We need to put aside the political and ideological myths that we continue to recycle as received wisdom and become aware of the dynamics that either produce or destroy a healthy society. The creative richness of a civilization derives from the behavior of individuals, not from some imagined collective genius. The creative process depends upon men and women being free to experiment; to generate and pursue any of a variety of options; to be mistaken; and to offend the habits, tastes, sensibilities, prejudices, or established interests of others. As we experience in “brainstorming” sessions, it is the interplay of individual insights and responses that gives birth to the new; a process that presumes the liberty of people to act upon the world.
The vibrancy of any system depends upon its capacity and willingness to both generate and respond to change. Neither individuals nor civilizations can remain creative unless people are free to direct their own energies and to convert some portion of the material world to their self-interested purposes. The death of civilizations, on the other hand, is facilitated by a movement from individualized to collective patterns of thinking and conduct. Fear mobilizes mass-mindedness which, in turn, produces the state’s deadliest expressions: wars and genocides. Nuclear and neutron bombs, with their capacities for killing hundreds of thousands of people in one strike, are the logical technological consequence of herding individuals into collectives. The indiscriminate slaughter of people and the massive destruction of cities, factories, transportation systems, and other forms of material wealth, are inconsistent with the creative processes of civilization. History reminds us that civilizations are created and sustained by individuals; they are destroyed by collectives.

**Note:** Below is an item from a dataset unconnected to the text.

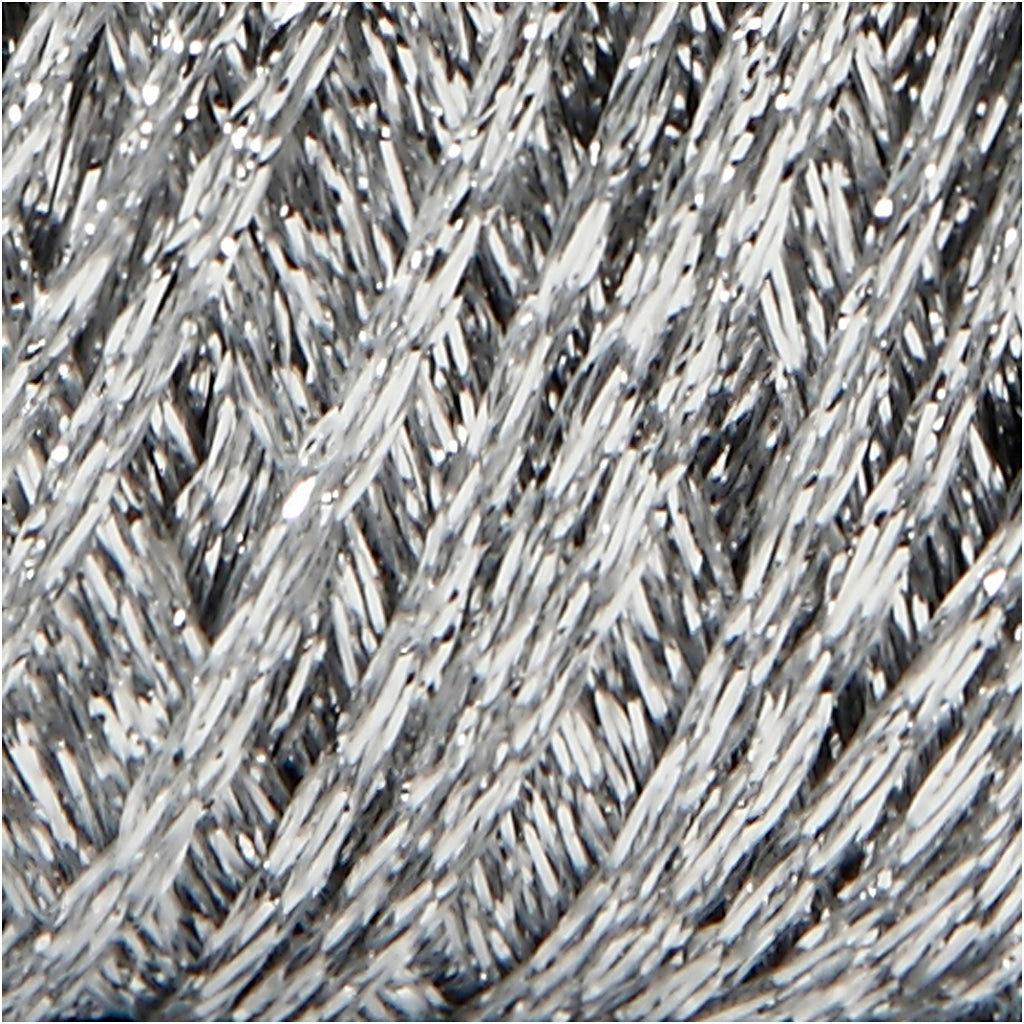 Lurex Yarn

Whether this civilization collapses from its accumulated entropy, or is able to transform itself into a more resilient system, will depend upon whether we are able to reform our organizational thinking and systems so as to enhance life-sustaining practices. Such fundamental alterations, however, must occur within each of us rejecting the collectivist premise that the interests of organizational entities have priority over those of individuals. If we are to transform our civilization, there must be a profound shift in both the thinking and practices that now threaten it, including our insistence upon identifying ourselves through collective “ego-boundary” attachments. We must begin by acknowledging that “life” belongs to the living, not to venerated abstractions or institutions; that human society exists for the mutual benefit of individuals pursuing their own purposes and meanings in life, rather than for the aggrandizement of institutional collectives. We need to discover new principles and systems within which we can freely cooperate with one another to achieve personal and mutual ends. We need to learn from the experience of the tens of millions who have suffered under various forms of collectivism that becoming attached to a collective is both a material and a spiritual dead end, for one has no capacity to direct its course to their purposes. Systems premised upon a decentralized, holographic model of organization may provide the best means of generating social behavior capable of protecting both individual liberty and cooperative undertakings; thus ending the divisiveness that inheres in institutionalism. We must liberate ourselves from the albatross of collectivism.